II. John Vs. “Stupid Hoe” by Nicki Minaj
Take a few minutes to listen.
Alright, so, the question here is, why is this bad? I mean, I am going to assume that you don’t like it, given the kinds of music we evangelize here and how limited our audience is at time of writing. If you do like it, just imagine I asked you why it’s good and rephrase the points I’m going to make in an optimistic fashion. Otherwise, I’m just going to float a few suggestions.
So, first, it’s loud. Relentlessly loud.
Second, no melodic component. Most well-regarded rap songs have a melodic component. Picking one out of a hat, “The Real Slim Shady” leans on the melody underneath the verse.
Third, lyrically annoying.
Loud is actually the only legitimate complaint. Some people do not like loud music, and that’s fine. They’re your ears, do what you need.
The second point fascinates me, as when most people say that something is music, they are exclusively talking about this. I have this discussion a lot since in my circle of friends I’m the only one routinely evangelizing rap.
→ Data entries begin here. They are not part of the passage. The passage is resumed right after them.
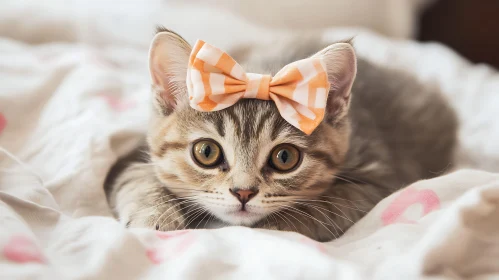 Tabby Kitten with Bow Relaxing on Soft Fabric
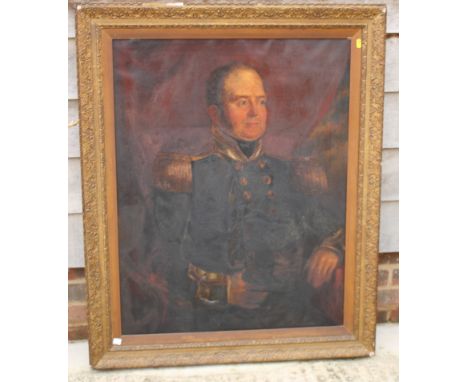 A mid 19th Century oil on canvas, portrait of a senior Naval officer in dress uniform, 35 1/2" x 27 1/2", in gilt swept frame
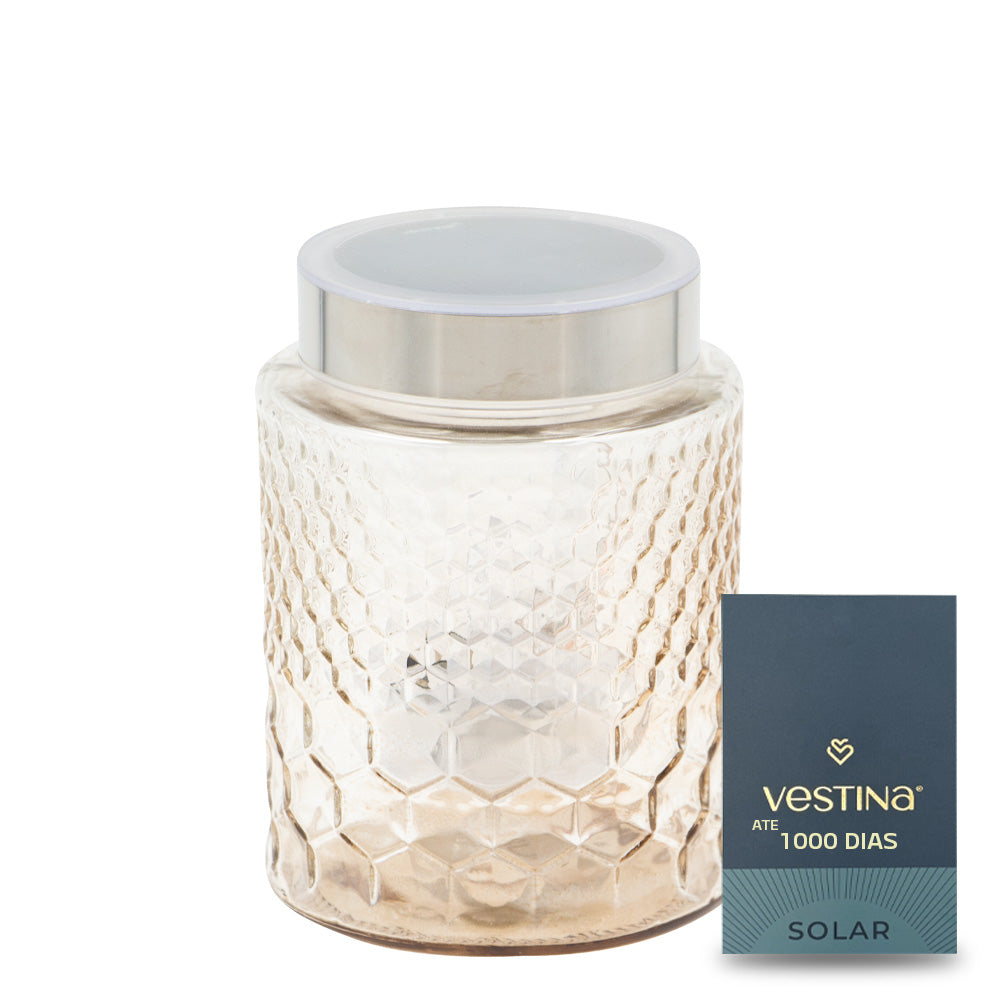 Vela Candeeiro Vidro Solar VSS22 Dourado
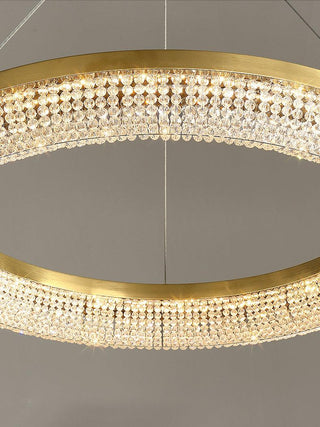 Lustra Lustre Rond en Anneau Cristal Doré LED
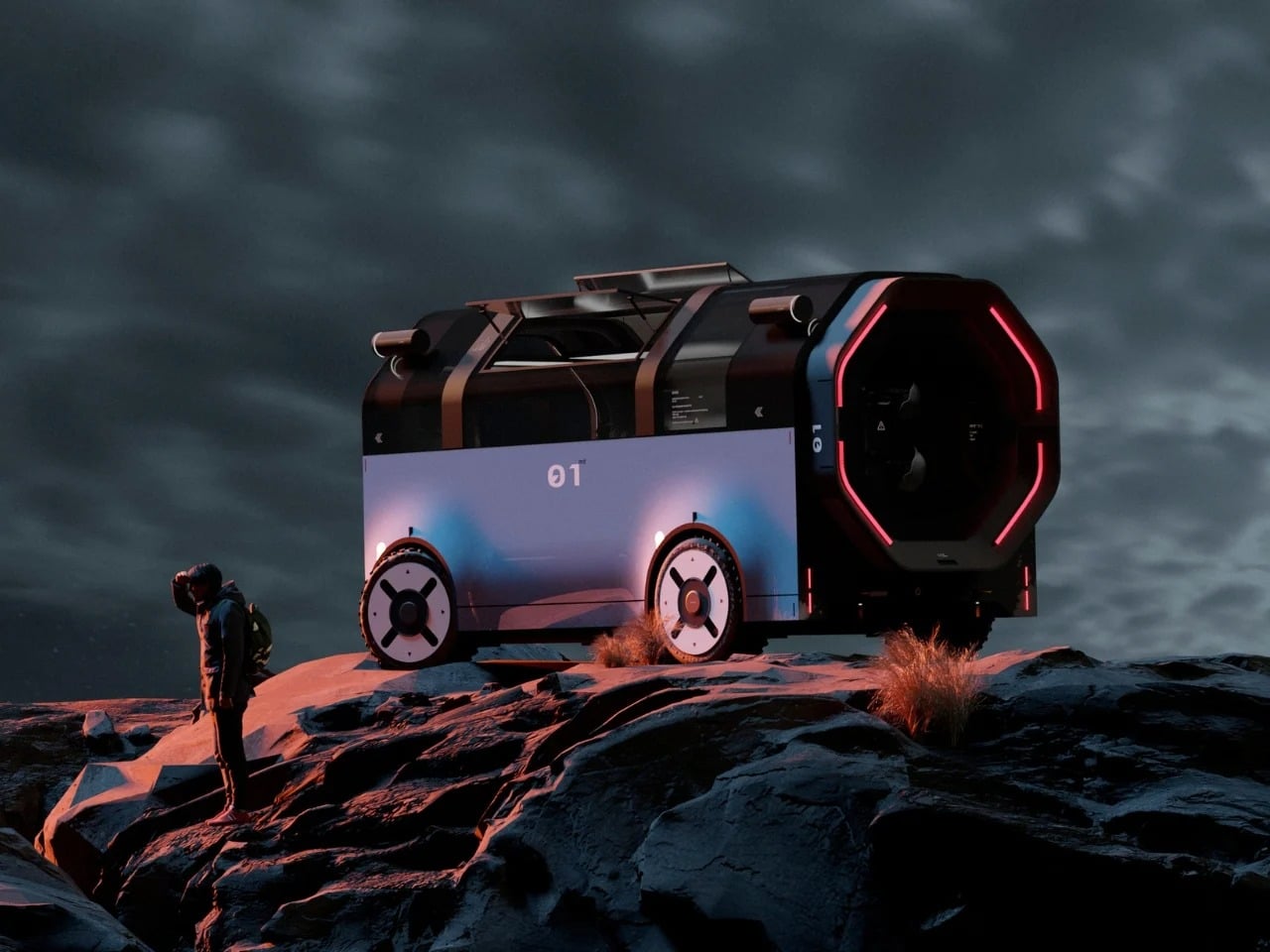Futuristic octagonal mobile home HYTTE parked on a rocky terrain at twilight with red LED accents.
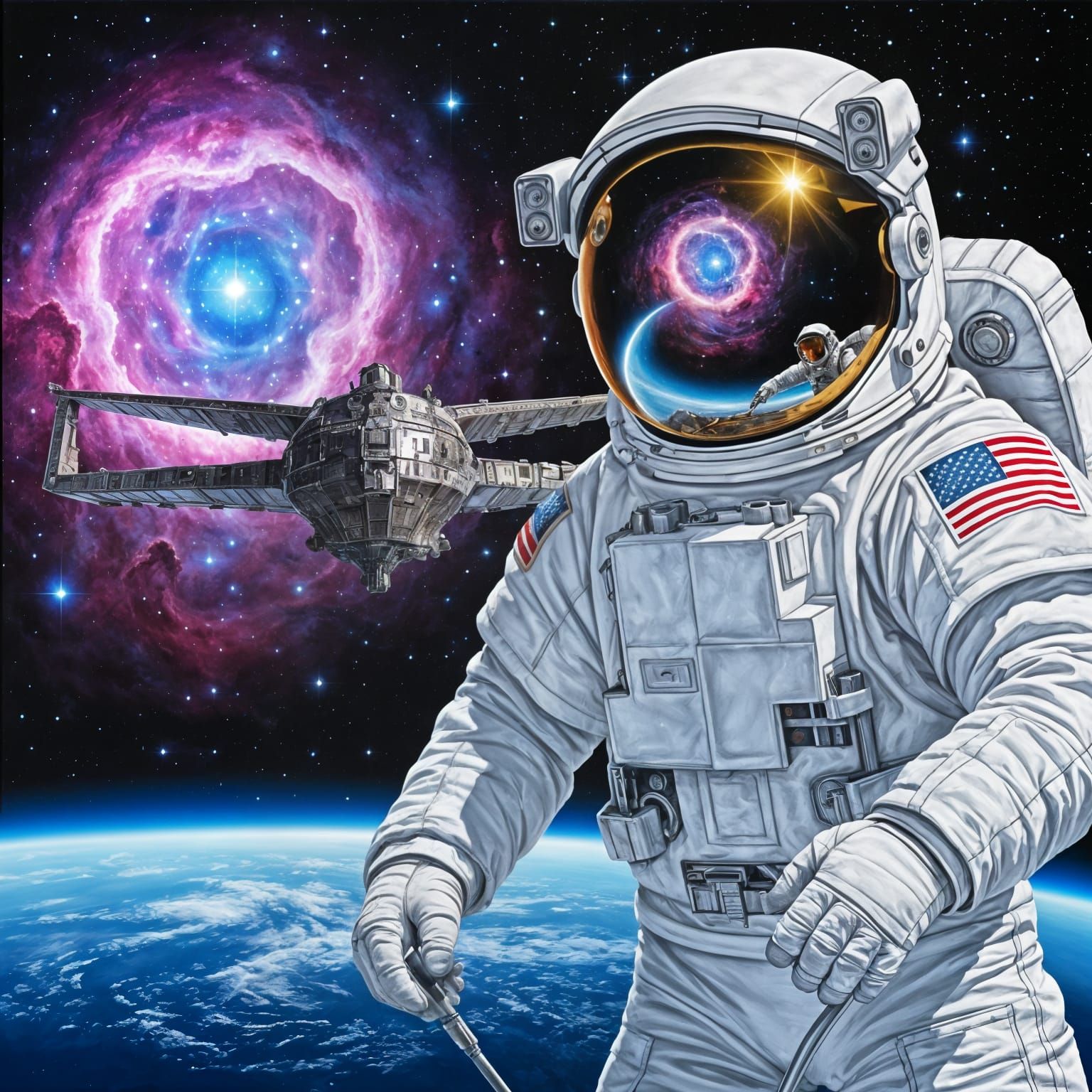 Astronaut EVA in Orion Nebula Oil Painting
Now when it comes to defining rap as “not music,” and melody’s place in that, the idea I suppose is that there’s no long-form melodic components. A rap beat at it’s most stripped down only needs a little bit of melody, enough where you can recognize what the song is but not too much that it interferes with the record.
Compare this to, picking one out of another hat, “Midnight City” by M83. It is tonal maximalism. Layers and layers of synthesizers, constructing a melodic web moving in the same direction. There’s nothing there without them.
Stupid Hoe, in contrast, only invokes melody to pour salt on Lil Kim’s wound. The rest of the song is expressed not with tonal change, but with expression. Tone of voice. Things like this. This is one of the true mights of rap, that it can shed melody and still retain it’s identity with ease. There’s no reliance on… well, we’ll get to that.
Third, lyrics. There’s a number of images around, where the point of it is that choruses back in the day were sweeping and lush, and now it’s simple repetition, ergo modern music sucks. Not even really willing to entertain this argument, but I will offer this.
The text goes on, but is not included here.